Quand bien même cette infertilité serait amenée à durer, Dieu a décrété pour chacune de Ses créatures une mission de vie, un destin, un chemin. Dieu n’a pas créé l’être humain pour enfanter mais bien pour L’adorer. Les épreuves font partie de la vie du croyant comme Dieu le dit dans Son Saint Livre : « Nous vous éprouvons sûrement un tant soit peu par la peur, la famine, la réduction des biens, des personnes et des récoltes. Et annonce la bonne nouvelle aux patients. Ceux qui, lorsqu’une calamité les touche, disent : ‘Nous appartenons à Dieu et c’est à Lui que nous devons retourner’. Ceux-là ont sur eux des bénédictions de leur Seigneur ainsi qu’une miséricorde et ce sont ceux-là les bien-guidés. »[1]

Il y a dans chaque épreuve un bien, et il suffit de regarder en arrière, dans notre passé, pour voir ce que nous a appris ou apporté chaque épreuve rencontrée. Le Prophète, paix et salut sur lui, dit : « Que l’affaire du croyant est étonnante ! Son affaire ne comporte pour lui que du bien, et cette faveur n’appartient qu’au croyant : s’il est l’objet d’un évènement heureux, il remercie Dieu et c’est là pour lui une bonne chose. S’il est victime d’un malheur, il l’endure avec patience et c’est là encore pour lui une bonne chose. »[2]

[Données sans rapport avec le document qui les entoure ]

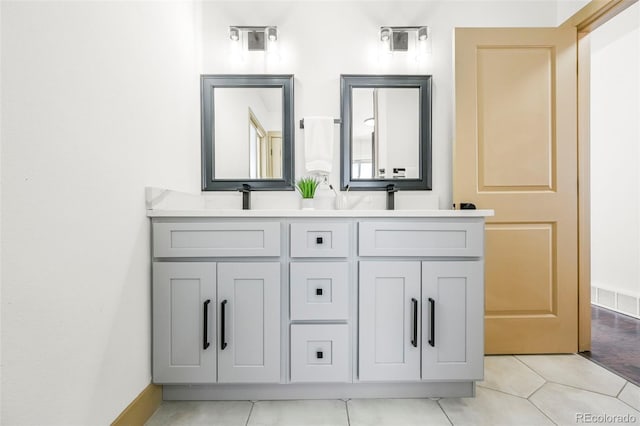 11710 Spruce Canyon Cir, Golden, CO 80403 - bathroom with double vanity, tile patterned flooring, and baseboards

La parentalité ne s’arrête pas aux liens de sang

Etre mère ou père ne s’arrête heureusement pas à la conception et naissance biologiques. Citons un exemple de taille qui est celui d’Aïcha, la mère des croyants, que Dieu l’agréée : bien que mariée au Prophète, paix et bénédictions sur lui, de nombreuses années, elle n’a pas enfanté ; et pourtant quelle mère ! Elle a transmis et éduqué nombre de croyants, excellé dans la préservation de la tradition prophétique et est un modèle pieux pour nombre de croyantes.

Dans notre quotidien, notre vie, nous rencontrons aussi des personnes qui ont marqué notre route par leurs conseils, leur douceur, leur accompagnement, leur bienveillance, qui ont été à leur niveau et selon leurs compétences des parents pour autrui.

Tandis que certains parents auront pour devoir premier d’éduquer et d’accompagner leurs propres enfants ; d’autres, pères et mères à leur manière, auront pour mission première d’éduquer et d’accompagner autour d’eux, des enfants, des jeunes, des musulmans, des croyants, femmes et hommes qui eux aussi ont besoin de quelqu’un pour les aider à grandir en foi et en humanité.